Engineering the public sector

For Frank Chen CPEng, engineering in the public sector has helped him make a meaningful difference to the lives of the people around him.

Frank Chen CPEng, Project Manager at New Bridgewater Bridge Project, has been around engineering his entire life — he’s even the son of two engineers. So perhaps it was no surprise that he would end up heading up a city council’s infrastructure department by the age of 31. “That was a really young age,” he told create. “You deal with a lot of people with years’ of experience ahead of you.”

When it came to making sure that the people around him knew he was capable of handling the job, it helped that he was a Chartered engineer. “Pursuing Chartered status probably gave me the confidence to be recognised as a competent engineer in this professional field. — that I know I’m at least equivalent to those people I’m dealing with day-to-day, both internally and externally,” Chen says.

“You have other engineers within the organisation, and externally we deal with consultants that work for council. And also we deal with consultants working for developers,and sometimes they could be quite pushy.”

Today, Chen is overseeing even bigger projects. He is now the Project Manager in charge of delivering the new Bridgewater Bridge, the largest transport project in Tasmania’s history.

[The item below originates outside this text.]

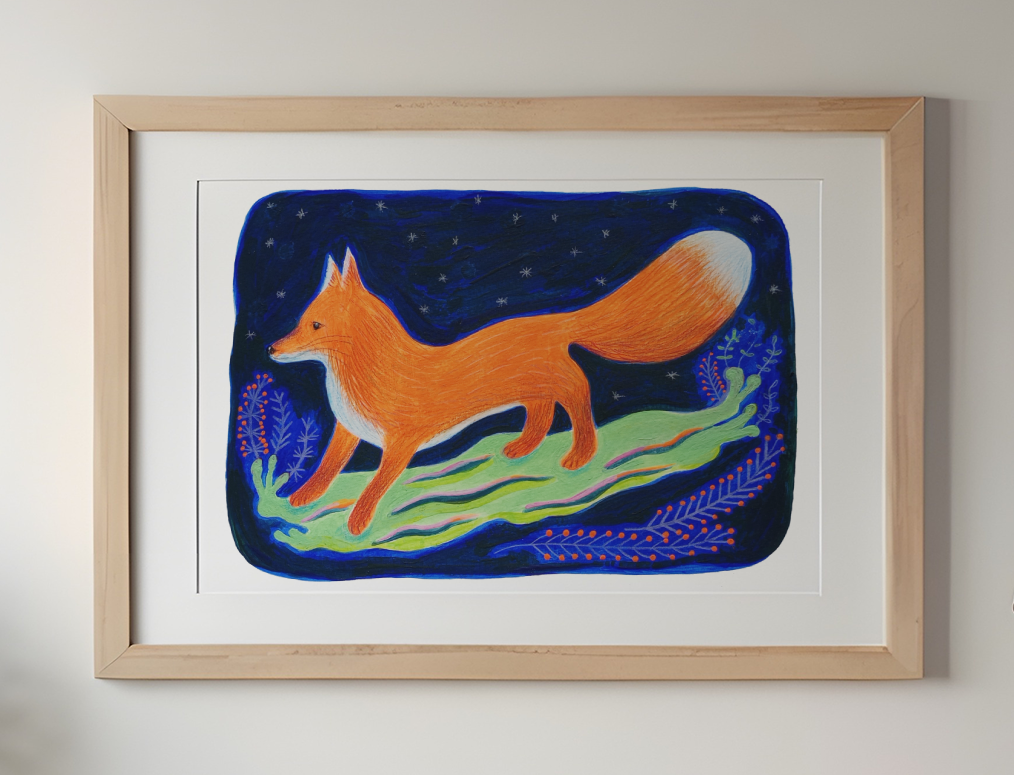 MIDNIGHT FOX - Art Print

“My role is more focused on managing the contract and administration, and also the engineering side,” he explains. “I will not be the technical expert in this instance … I have a general understanding of what the design constructions are, but I also rely on the technical expert or the subject expert to inform us when there’s a decision that needs to be made.”

“You see every day what you do actually affects the life of individuals of the community … There's projects I’ve had before — drainage projects, road projects — that have changed people's day-to-day life.”
Frank Chen CPEng

But be it a state-level project or work for local government, he values the chance to contribute to the community around him. “I’m proud of what I’m doing, and that’s the way the job I do day-to-day make people’s lives different,” he says. “At the state level, its more working on highway jobs, for which you get a wider group … and a wider social, economic and environment benefit.” 

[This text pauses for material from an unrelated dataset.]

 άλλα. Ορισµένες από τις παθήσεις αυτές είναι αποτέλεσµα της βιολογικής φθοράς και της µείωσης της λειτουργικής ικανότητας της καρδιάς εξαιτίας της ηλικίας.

It means he’s operating on a larger scale than in previous roles, but the satisfaction of having a meaningful impact to people’s lives is the same.

“That’s probably one of the benefits in working local government, or working in the public sector,” he says. “You see every day what you do actually affects the life of individuals of the community, and I feel I’m making a difference for the community. So there’s projects I’ve had before — drainage projects, road projects — that have changed people’s day-to-day life.”